法国启蒙思想家孟德斯鸠在《论法的精神》里说:“对一个人的不公,就是对所有人的威胁。因为对一个人的不公,所显示出来的是制度的逻辑。这种逻辑,可以用来对待所有人,无人能保证自己幸免。”
每个独立的个体似乎互不相干,但实际上所有的个体组成了一个命运共同体。尊重和保卫任何一个个体的基本权利,也就是尊重和保卫整个命运共同体的基本权利。反之,如果任何一个个体的基本权利都可以随意践踏,那么,整个命运共同体便毫无安全可言。
一九四九年以后持续30年之久的整人运动,将一国中的多数人卷入了一个毫无安全、人人自危的恐慌年代。除了站在顶尖操纵运动的人以外,没有人能够保证自己是安全的——今天的整人者,明天也许就是被整者。吴晗将储安平、罗隆基、章伯均三人打成“头号大右派”,不久自己也被打成“三家村反档集团”,搞得家破人亡,死后骨灰都被扬弃;彭德怀整刘伯承、罗荣桓、粟裕,后来自己被打断肋骨,遭受扇耳光、被脚踩等羞辱和折磨;刘少奇刚把彭真、罗瑞卿等人送进秦城监狱,整人的大棒就落在了他的头上,被打成叛徒、内奸、工贼,而担任刘少奇专案组组长的,正是在延安整风运动中被他整过的周恩来……
摧毁个体就是摧毁整体的第一步,摧毁了个体的价值也就摧毁了整体的价值,摧毁了一切公序良俗,使社会退化回丛林社会。丛林社会的人毫无公民意识,无论多大的事,只要没落到自己头上,就漠不关心,如同动物一般。非洲草原上有一种群居的角马,若其中一头角马被狮子或猎豹追杀折磨致死,其他角马只会在一旁眼睁睁看着,无动于衷。耐人寻味的是它们竟然是非洲数量最多的草食动物。
这样的场景同样适用于无公民意识的人类社会:晚清时,中国人围观同胞被处死的场面时,麻木不仁,犹如看戏。改革志士戊戌六君子被押赴刑场的路上,围观群众竟拍手称好,还向他们投掷烂菜叶、臭鸡蛋。这些人便是鲁迅笔下冷漠的看客。看客从来都不曾缺席,当下,他们表现出的冷漠,是对被车子撞倒的小孩和老人冷眼旁观,对社会不公现象视而不见、充耳不闻,对异见者无情谩骂、无底线告密和揭发……这些看客实际就是被摧毁了个体内在价值之后茫茫然的躯体。
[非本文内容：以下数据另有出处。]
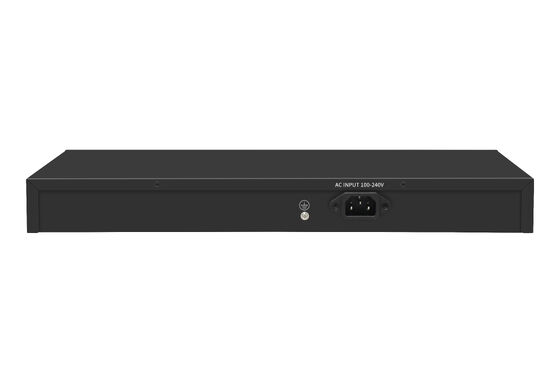 24 ポート ギガビット PoE スイッチ 1U タイプ 無管理 1G イーサネット 300W 予算扇風機なし
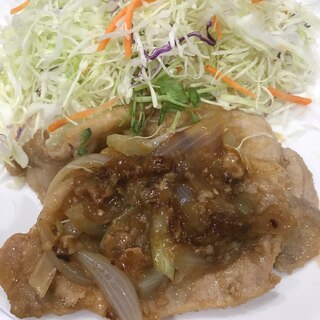 子供も辛くない！ 柔らかっ♡豚肉の生姜焼き♡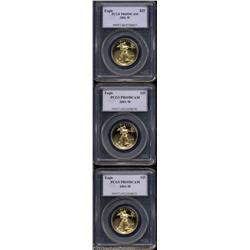 2001-W G$25 Half-Ounce Gold Eagle PR69 Deep Cameo PCGS,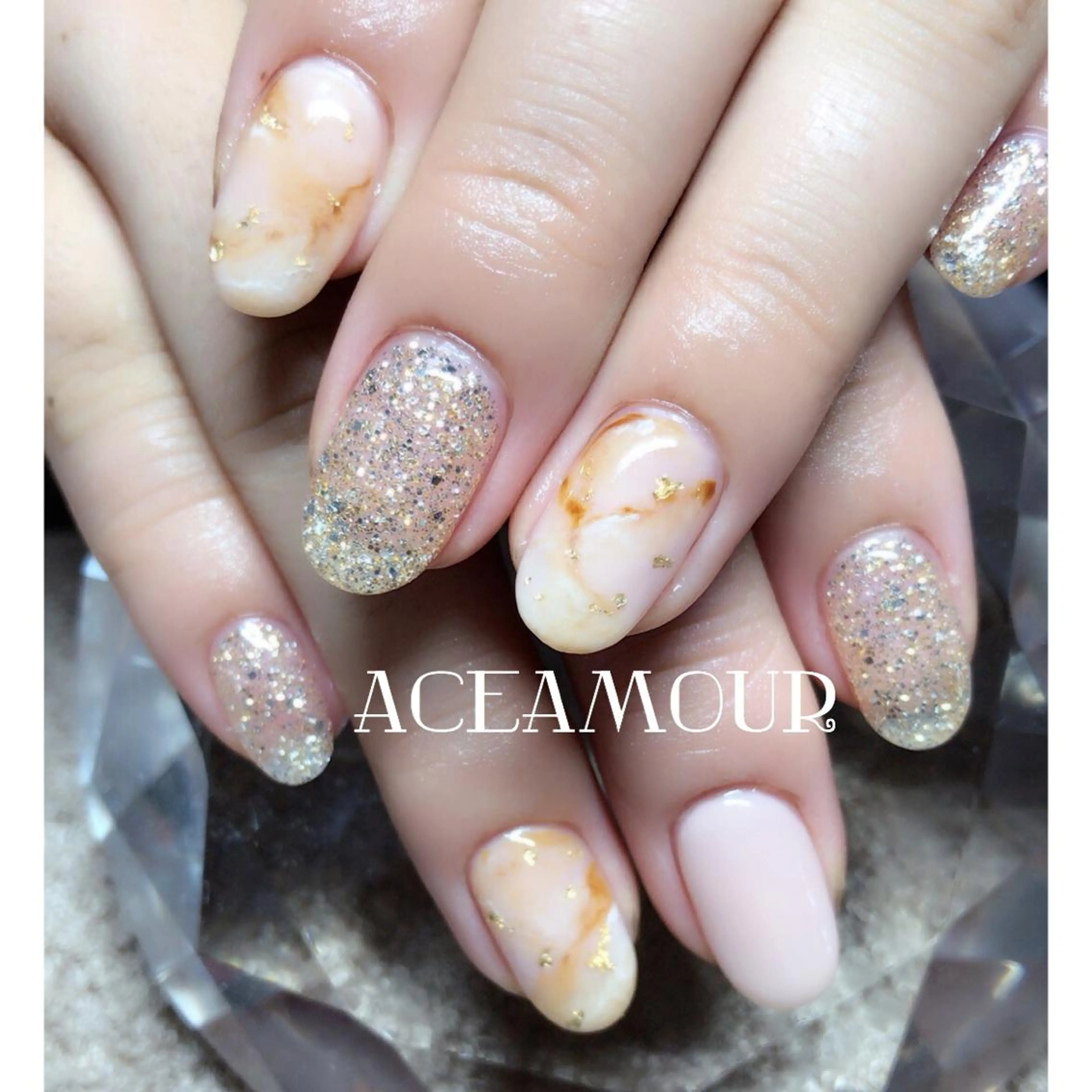 ネイル ネイル/耳つぼ /新ホワイトニングのネイルデザイン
法国政治思想家邦雅曼·贡斯当说:“不管在任何地方,如果个人毫无价值,全体人民也就毫无价值。”假若我们的社会只捍卫一个抽象的概念化“人民”,而不把公民的思想自由、言论自由等具体权利精确化并提供有效的保护,那么现实中有血有肉的人民就永远无法感到实实在在的安全,也永远无法成为国家的主人。
1988年,英藉印度裔作家萨尔曼·拉什迪的小说《撒旦诗篇》出版后,穆斯林认为书中影射了先知穆罕默德,当时的伊朗精神领袖霍梅尼发布了对拉什迪处以死刑的命令,并悬赏520万美金追杀拉什迪。为了保护自己公民的安全,英国政府十年如一日,每年花费160万美元,耗费千万巨资也在所不惜,甚至一度与伊朗断交,也丝毫不相让步。因为英国政府明白,保护任何一个公民,就是保护所有英国人。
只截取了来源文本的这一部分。